## Source information:

::::::::

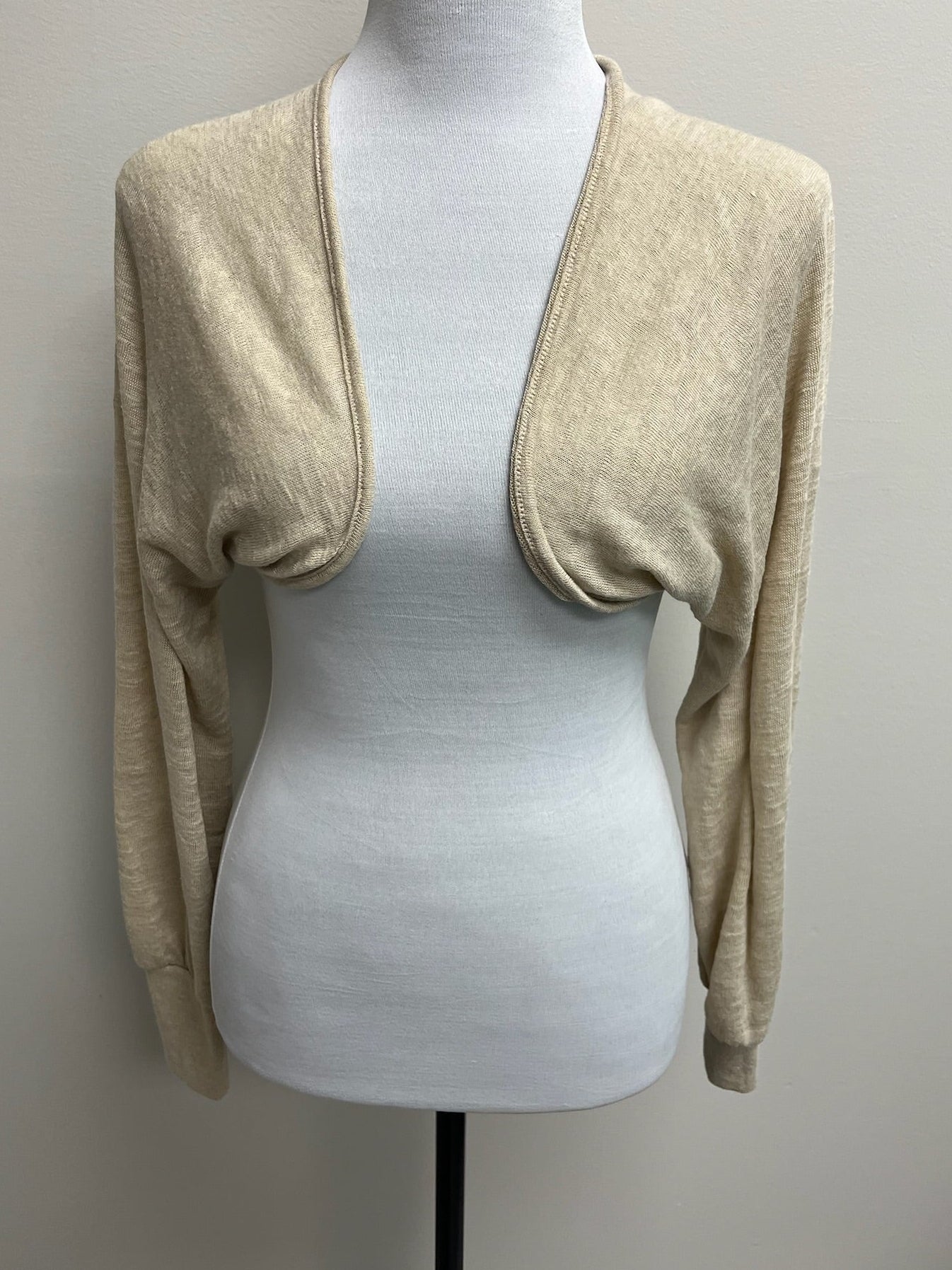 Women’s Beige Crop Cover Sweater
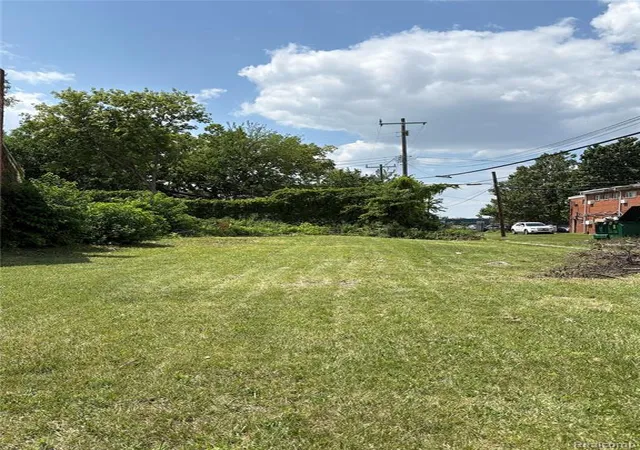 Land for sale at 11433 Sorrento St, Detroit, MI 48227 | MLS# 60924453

::::::::

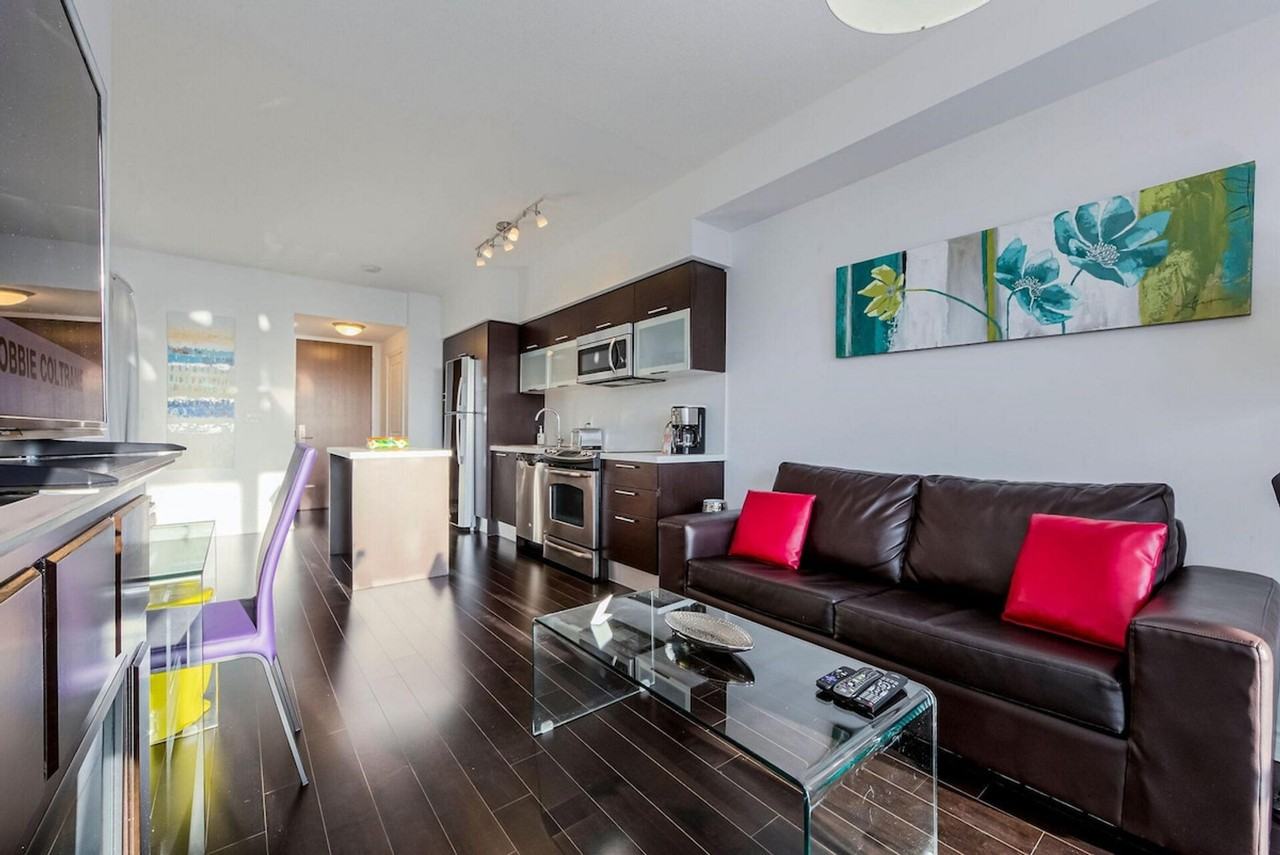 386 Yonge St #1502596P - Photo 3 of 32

::::::::

## Exercise brief:
Using the data above, which lines fall from the one with "Women’s Beige Crop Cover Sweater" through the one with "Land for sale"? Repeat them exactly, ends included, minus any pictures.

## Problem solution:
 Women’s Beige Crop Cover Sweater
 Land for sale at 11433 Sorrento St, Detroit, MI 48227 | MLS# 60924453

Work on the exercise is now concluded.